• PROBLEM DETAILS:
Write out every entry exactly as it appears.
----------
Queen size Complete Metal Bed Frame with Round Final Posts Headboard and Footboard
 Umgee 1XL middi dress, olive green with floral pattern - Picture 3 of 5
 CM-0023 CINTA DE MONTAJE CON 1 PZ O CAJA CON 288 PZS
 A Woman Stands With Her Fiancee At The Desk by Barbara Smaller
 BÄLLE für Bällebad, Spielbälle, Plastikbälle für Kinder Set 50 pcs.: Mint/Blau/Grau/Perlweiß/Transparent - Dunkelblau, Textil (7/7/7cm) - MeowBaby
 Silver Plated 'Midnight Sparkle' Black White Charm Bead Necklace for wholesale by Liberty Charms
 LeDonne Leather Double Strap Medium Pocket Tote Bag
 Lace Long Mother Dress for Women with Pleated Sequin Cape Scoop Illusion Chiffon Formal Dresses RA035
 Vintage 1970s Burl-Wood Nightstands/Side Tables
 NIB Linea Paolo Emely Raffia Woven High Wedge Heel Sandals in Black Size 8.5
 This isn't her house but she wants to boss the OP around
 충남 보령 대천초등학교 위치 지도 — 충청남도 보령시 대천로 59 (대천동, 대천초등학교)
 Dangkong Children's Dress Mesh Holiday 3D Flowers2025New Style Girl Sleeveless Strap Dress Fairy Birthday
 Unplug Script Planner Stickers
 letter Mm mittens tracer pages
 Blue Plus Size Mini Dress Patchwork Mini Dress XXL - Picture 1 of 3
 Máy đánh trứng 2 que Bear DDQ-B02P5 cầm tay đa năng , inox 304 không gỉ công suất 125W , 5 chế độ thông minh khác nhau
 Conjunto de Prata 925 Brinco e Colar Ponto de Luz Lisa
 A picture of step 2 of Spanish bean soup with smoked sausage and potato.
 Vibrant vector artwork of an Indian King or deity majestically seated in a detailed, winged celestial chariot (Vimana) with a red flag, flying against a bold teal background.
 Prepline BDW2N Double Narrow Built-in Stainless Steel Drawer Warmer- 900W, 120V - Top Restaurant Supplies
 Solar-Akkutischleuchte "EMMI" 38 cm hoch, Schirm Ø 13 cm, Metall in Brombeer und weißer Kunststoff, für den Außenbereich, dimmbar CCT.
----------
• SOLUTION TO THIS PROBLEM:
Queen size Complete Metal Bed Frame with Round Final Posts Headboard and Footboard
 Umgee 1XL middi dress, olive green with floral pattern - Picture 3 of 5
 CM-0023 CINTA DE MONTAJE CON 1 PZ O CAJA CON 288 PZS
 A Woman Stands With Her Fiancee At The Desk by Barbara Smaller
 BÄLLE für Bällebad, Spielbälle, Plastikbälle für Kinder Set 50 pcs.: Mint/Blau/Grau/Perlweiß/Transparent - Dunkelblau, Textil (7/7/7cm) - MeowBaby
 Silver Plated 'Midnight Sparkle' Black White Charm Bead Necklace for wholesale by Liberty Charms
 LeDonne Leather Double Strap Medium Pocket Tote Bag
 Lace Long Mother Dress for Women with Pleated Sequin Cape Scoop Illusion Chiffon Formal Dresses RA035
 Vintage 1970s Burl-Wood Nightstands/Side Tables
 NIB Linea Paolo Emely Raffia Woven High Wedge Heel Sandals in Black Size 8.5
 This isn't her house but she wants to boss the OP around
 충남 보령 대천초등학교 위치 지도 — 충청남도 보령시 대천로 59 (대천동, 대천초등학교)
 Dangkong Children's Dress Mesh Holiday 3D Flowers2025New Style Girl Sleeveless Strap Dress Fairy Birthday
 Unplug Script Planner Stickers
 letter Mm mittens tracer pages
 Blue Plus Size Mini Dress Patchwork Mini Dress XXL - Picture 1 of 3
 Máy đánh trứng 2 que Bear DDQ-B02P5 cầm tay đa năng , inox 304 không gỉ công suất 125W , 5 chế độ thông minh khác nhau
 Conjunto de Prata 925 Brinco e Colar Ponto de Luz Lisa
 A picture of step 2 of Spanish bean soup with smoked sausage and potato.
 Vibrant vector artwork of an Indian King or deity majestically seated in a detailed, winged celestial chariot (Vimana) with a red flag, flying against a bold teal background.
 Prepline BDW2N Double Narrow Built-in Stainless Steel Drawer Warmer- 900W, 120V - Top Restaurant Supplies
 Solar-Akkutischleuchte "EMMI" 38 cm hoch, Schirm Ø 13 cm, Metall in Brombeer und weißer Kunststoff, für den Außenbereich, dimmbar CCT.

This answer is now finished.